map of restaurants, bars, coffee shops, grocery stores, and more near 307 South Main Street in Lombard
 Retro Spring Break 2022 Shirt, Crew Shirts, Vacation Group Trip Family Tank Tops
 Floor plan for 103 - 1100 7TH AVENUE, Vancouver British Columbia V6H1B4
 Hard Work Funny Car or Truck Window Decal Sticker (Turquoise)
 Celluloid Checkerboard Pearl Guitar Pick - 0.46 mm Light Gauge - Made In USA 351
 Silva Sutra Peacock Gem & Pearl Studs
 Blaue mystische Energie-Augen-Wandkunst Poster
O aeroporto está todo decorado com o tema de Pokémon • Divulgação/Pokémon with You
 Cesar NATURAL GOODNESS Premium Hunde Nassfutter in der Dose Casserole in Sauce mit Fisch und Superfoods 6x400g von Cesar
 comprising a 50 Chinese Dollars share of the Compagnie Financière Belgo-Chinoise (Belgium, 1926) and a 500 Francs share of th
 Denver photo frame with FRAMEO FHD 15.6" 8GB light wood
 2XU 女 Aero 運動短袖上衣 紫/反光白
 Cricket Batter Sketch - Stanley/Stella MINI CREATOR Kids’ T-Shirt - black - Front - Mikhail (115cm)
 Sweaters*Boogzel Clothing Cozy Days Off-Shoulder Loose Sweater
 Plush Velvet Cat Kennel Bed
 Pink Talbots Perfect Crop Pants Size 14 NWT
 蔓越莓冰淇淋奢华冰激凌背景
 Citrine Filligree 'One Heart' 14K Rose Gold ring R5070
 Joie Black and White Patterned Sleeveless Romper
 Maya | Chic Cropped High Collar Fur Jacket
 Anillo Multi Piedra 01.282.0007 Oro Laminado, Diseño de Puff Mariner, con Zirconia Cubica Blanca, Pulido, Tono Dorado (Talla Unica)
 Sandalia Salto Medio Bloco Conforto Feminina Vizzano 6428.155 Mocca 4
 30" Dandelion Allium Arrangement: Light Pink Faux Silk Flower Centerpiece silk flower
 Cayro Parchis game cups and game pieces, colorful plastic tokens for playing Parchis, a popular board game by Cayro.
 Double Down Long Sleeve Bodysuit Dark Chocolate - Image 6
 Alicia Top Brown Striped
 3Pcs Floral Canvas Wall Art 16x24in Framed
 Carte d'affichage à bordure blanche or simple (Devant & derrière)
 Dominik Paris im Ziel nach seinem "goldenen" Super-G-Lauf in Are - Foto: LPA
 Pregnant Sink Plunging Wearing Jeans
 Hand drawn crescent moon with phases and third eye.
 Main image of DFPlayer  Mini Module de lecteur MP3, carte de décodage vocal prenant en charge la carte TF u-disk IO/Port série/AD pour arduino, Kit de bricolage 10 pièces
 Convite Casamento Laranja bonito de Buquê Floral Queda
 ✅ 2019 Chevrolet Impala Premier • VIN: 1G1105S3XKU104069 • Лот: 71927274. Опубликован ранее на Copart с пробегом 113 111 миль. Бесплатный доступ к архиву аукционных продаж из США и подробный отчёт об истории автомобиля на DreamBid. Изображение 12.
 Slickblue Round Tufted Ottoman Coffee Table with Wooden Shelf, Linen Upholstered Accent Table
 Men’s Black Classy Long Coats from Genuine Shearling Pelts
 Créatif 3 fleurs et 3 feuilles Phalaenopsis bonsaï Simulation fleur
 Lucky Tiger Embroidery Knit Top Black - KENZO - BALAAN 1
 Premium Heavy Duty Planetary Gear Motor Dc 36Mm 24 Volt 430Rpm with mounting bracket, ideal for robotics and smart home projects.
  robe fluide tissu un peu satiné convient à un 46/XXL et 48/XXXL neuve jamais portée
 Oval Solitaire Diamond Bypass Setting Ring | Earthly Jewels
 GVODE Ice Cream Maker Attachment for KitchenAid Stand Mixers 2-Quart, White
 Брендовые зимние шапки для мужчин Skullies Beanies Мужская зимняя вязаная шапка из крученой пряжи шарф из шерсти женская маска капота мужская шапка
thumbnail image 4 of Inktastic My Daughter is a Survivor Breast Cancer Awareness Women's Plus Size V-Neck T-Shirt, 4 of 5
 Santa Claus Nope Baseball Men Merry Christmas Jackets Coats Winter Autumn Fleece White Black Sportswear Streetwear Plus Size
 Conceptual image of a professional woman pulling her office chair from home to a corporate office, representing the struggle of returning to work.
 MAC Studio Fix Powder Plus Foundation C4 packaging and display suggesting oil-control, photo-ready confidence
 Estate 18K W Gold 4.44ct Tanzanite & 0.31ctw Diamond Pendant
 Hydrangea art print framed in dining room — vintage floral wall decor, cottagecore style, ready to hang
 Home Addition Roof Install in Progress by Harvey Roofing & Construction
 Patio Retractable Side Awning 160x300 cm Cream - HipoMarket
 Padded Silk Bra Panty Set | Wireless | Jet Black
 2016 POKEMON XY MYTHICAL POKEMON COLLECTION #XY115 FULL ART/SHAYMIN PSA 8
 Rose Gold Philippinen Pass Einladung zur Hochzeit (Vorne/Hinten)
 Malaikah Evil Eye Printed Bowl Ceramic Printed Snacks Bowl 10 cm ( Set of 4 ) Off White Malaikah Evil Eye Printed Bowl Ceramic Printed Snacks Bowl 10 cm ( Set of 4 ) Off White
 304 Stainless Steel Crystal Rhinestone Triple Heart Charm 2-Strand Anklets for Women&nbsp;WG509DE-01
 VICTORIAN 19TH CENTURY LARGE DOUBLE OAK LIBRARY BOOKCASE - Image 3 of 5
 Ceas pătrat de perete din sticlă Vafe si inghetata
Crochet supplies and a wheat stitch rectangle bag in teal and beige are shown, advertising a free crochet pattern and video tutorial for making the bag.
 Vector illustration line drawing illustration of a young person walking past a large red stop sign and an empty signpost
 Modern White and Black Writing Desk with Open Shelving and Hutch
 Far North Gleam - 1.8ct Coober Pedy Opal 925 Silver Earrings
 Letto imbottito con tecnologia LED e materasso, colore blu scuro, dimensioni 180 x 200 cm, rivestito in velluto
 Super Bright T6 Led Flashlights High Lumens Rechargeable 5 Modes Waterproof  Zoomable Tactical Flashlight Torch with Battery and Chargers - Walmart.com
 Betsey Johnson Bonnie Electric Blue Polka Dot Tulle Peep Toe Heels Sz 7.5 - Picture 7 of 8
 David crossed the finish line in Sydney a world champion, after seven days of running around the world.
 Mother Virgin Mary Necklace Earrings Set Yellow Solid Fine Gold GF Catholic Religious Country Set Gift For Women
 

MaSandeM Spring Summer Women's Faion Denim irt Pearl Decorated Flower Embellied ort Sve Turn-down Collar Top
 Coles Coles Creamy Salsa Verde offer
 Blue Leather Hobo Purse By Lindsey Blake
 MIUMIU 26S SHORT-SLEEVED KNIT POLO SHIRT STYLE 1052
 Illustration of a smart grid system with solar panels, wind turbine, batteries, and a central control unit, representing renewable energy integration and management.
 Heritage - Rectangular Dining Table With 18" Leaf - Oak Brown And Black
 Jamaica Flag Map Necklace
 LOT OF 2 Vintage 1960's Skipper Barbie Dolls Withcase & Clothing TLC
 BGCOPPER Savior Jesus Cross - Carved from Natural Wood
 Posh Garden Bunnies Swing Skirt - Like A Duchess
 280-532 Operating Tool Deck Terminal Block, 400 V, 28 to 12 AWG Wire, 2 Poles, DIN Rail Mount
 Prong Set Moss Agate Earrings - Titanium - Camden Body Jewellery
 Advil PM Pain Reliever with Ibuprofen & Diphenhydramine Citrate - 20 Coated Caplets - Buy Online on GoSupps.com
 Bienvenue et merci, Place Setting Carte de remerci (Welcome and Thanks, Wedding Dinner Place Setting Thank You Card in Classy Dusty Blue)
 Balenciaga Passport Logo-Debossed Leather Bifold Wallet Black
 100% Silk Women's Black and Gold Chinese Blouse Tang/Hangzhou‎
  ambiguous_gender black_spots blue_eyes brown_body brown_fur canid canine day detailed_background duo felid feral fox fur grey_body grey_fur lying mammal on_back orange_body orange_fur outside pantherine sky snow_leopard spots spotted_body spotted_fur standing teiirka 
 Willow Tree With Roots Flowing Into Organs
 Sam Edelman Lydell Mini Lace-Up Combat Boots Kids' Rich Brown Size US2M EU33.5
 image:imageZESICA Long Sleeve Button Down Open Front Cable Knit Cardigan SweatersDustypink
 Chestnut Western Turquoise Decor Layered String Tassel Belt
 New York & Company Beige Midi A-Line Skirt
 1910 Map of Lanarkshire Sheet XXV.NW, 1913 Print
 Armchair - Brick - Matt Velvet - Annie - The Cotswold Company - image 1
= = = =
Directions for this task >>
Among the entries above, locate the lines containing "Alicia Top Brown Striped" and "Oval Solitaire Diamond", and transcribe exactly those two lines and all lines between.

Result of the exercise >>
 Alicia Top Brown Striped
 3Pcs Floral Canvas Wall Art 16x24in Framed
 Carte d'affichage à bordure blanche or simple (Devant & derrière)
 Dominik Paris im Ziel nach seinem "goldenen" Super-G-Lauf in Are - Foto: LPA
 Pregnant Sink Plunging Wearing Jeans
 Hand drawn crescent moon with phases and third eye.
 Main image of DFPlayer  Mini Module de lecteur MP3, carte de décodage vocal prenant en charge la carte TF u-disk IO/Port série/AD pour arduino, Kit de bricolage 10 pièces
 Convite Casamento Laranja bonito de Buquê Floral Queda
 ✅ 2019 Chevrolet Impala Premier • VIN: 1G1105S3XKU104069 • Лот: 71927274. Опубликован ранее на Copart с пробегом 113 111 миль. Бесплатный доступ к архиву аукционных продаж из США и подробный отчёт об истории автомобиля на DreamBid. Изображение 12.
 Slickblue Round Tufted Ottoman Coffee Table with Wooden Shelf, Linen Upholstered Accent Table
 Men’s Black Classy Long Coats from Genuine Shearling Pelts
 Créatif 3 fleurs et 3 feuilles Phalaenopsis bonsaï Simulation fleur
 Lucky Tiger Embroidery Knit Top Black - KENZO - BALAAN 1
 Premium Heavy Duty Planetary Gear Motor Dc 36Mm 24 Volt 430Rpm with mounting bracket, ideal for robotics and smart home projects.
  robe fluide tissu un peu satiné convient à un 46/XXL et 48/XXXL neuve jamais portée
 Oval Solitaire Diamond Bypass Setting Ring | Earthly Jewels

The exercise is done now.